What I’m suggesting is that volume in high-dimensions can concentrate on the boundary. To be clear, when I say SGD only typically reaches the boundary, I’m talking about early stopping and the main experimental setup in your paper where training is stopped upon reaching zero train error.

We have done overtraining, which should allow SGD to penetrate into the region. This doesn’t seem to make much difference for the probabilities we get.

This does seem to invalidate the model. However, something tells me that the difference here is more about degree. Since you use the word ‘should’ I’ll use the wiggle room to propose an argument for what ‘should’ happen.

If SGD is run with early stopping, as described above, then my argument is that this is roughly equivalent to random sampling via an appeal to concentration of measure in high-dimensions.

If SGD is not run with early stopping, it’s enclosed by the boundary of zero train error functions. Because these are most likely in the interior these functions are unlikely to be produced by random sampling. Thus, on a log-log plot I’d expect overtraining to ‘tilt’ the correspondence between SGD and random sampling likelihoods downward.

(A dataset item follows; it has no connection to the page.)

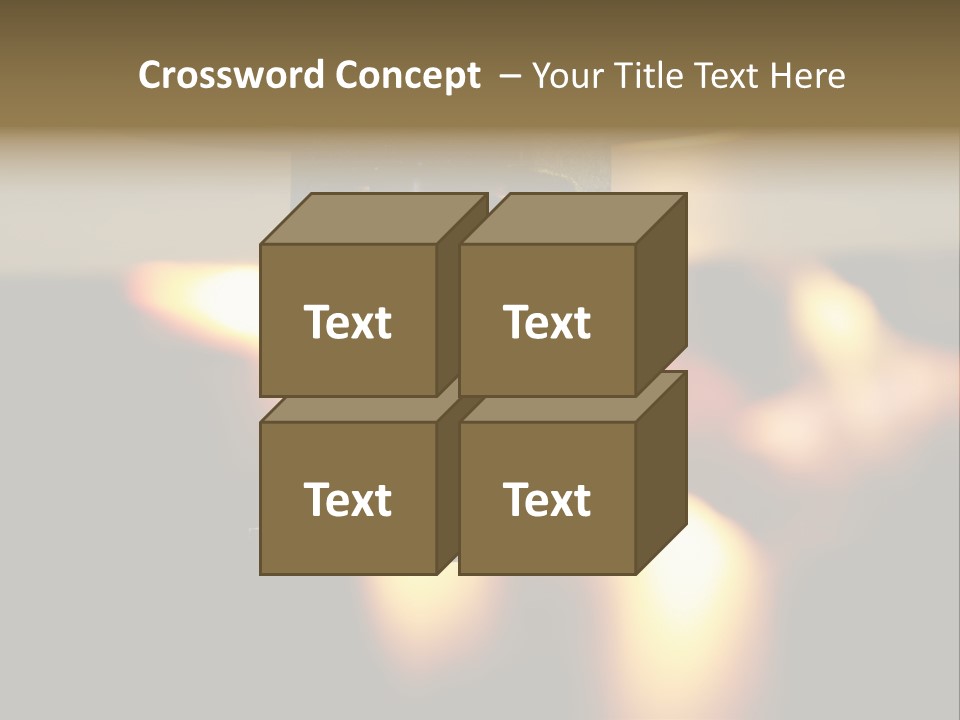 Flame Safety Business PowerPoint Template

**Falsifiable Hypothesis:** Compare SGD with overtaining to the random sampling algorithm. You will see that functions that are unlikely to be generated by random sampling will be more likely under SGD with overtraining. Moreover, functions that are more likely with random sampling will be become less likely under SGD with overtraining.

You seem to have updated your opinion: overtraining does make difference, but it’s not ‘huge’. Have you run a significance test for your lines of best fit? The plots as presented suggest the effect is significant.

Figure C.1.a indicates the tilting phenomena. Probabilities only go up to one so tilting down means that the most likely candidates from overstrained SGD are less likely with random sampling. Thus, unlikely random sampling candidates are more likely under SGD. At the tail, the opposite happens. Functions more likely with random sampling become less likely under SGD.

While the optimizer has a larger effect, I think the subtle question is whether the overtraining tilts in the same way each time. Figure 16 indicates yes again. This phenomena you consider to be minor is what I found most interesting about the paper.